▶ _Action item_: Please repeat exactly the lines from the one containing "this 250×188 image." through the last line of the records below, leaving out any pictures.

▶ _Spatial localization data_:
----------
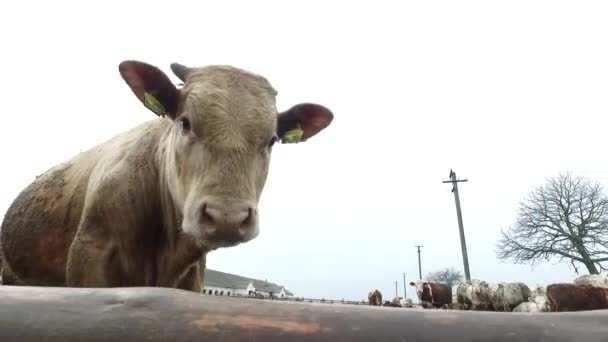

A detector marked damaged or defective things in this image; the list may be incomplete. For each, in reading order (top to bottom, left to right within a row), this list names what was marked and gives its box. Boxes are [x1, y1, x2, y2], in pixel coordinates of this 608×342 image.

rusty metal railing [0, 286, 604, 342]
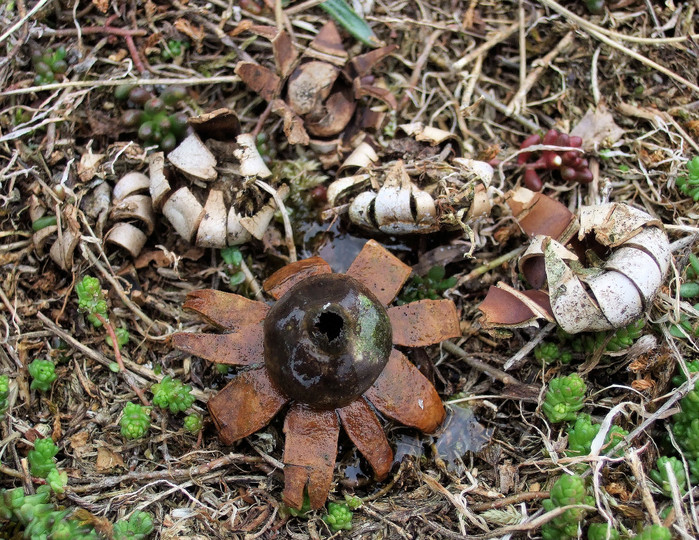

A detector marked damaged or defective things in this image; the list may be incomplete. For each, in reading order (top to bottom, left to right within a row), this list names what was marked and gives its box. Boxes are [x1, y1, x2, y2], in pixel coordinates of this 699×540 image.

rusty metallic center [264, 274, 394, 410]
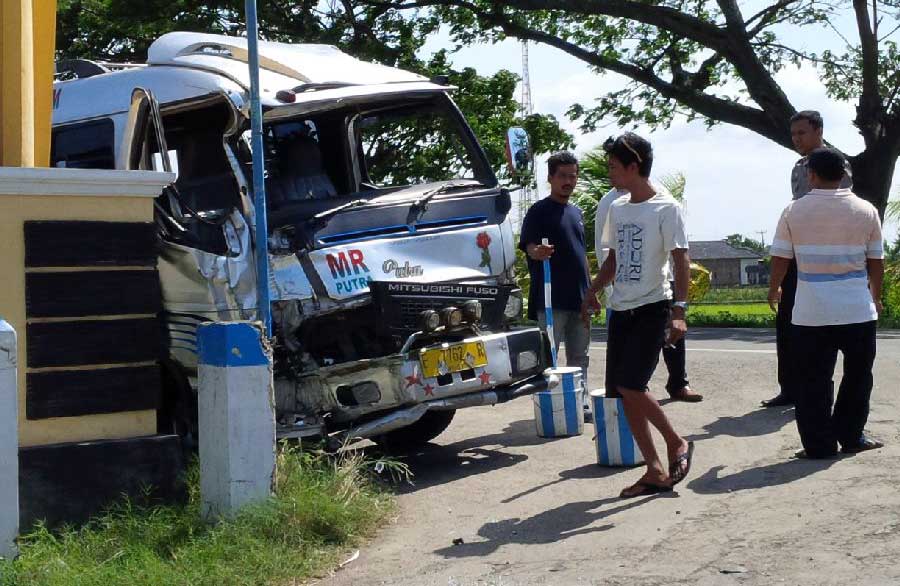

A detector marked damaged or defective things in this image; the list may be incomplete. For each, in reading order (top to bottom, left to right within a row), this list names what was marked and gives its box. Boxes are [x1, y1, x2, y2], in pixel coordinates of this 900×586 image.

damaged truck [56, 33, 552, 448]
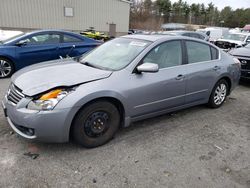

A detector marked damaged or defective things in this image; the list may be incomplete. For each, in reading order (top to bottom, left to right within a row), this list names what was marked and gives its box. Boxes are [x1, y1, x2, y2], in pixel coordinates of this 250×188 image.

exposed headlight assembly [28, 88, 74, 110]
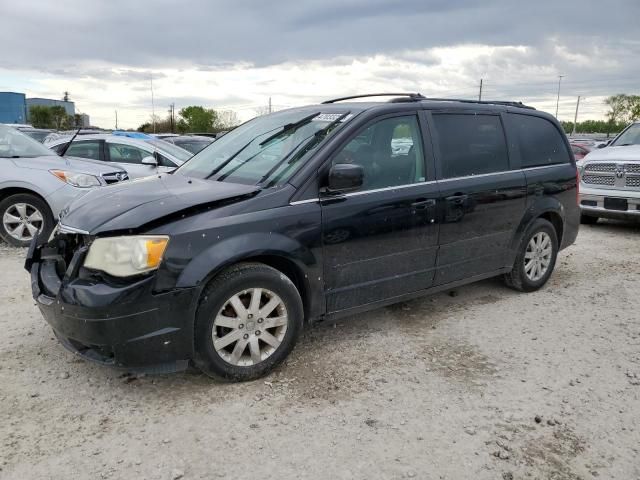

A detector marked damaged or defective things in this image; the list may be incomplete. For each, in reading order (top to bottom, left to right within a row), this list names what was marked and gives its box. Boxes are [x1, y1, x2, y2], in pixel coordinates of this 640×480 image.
----------
▶ _Response to this task_:
A detector marked damaged or defective things in this image; the list may be incomplete. For each, in reading order (top to bottom, left to right within a row), this list names what was marked and gives its box. Boxes are [x1, y1, x2, y2], in pixel coordinates of this 250×188 image.

exposed headlight assembly [28, 88, 74, 110]

A detector marked damaged or defective things in this image; the list may be incomplete. For each, in reading order (top to bottom, left to right within a row), this list names what was marked and gives its box. Boxes are [x1, y1, x2, y2], in pixel coordinates of this 640×480 image.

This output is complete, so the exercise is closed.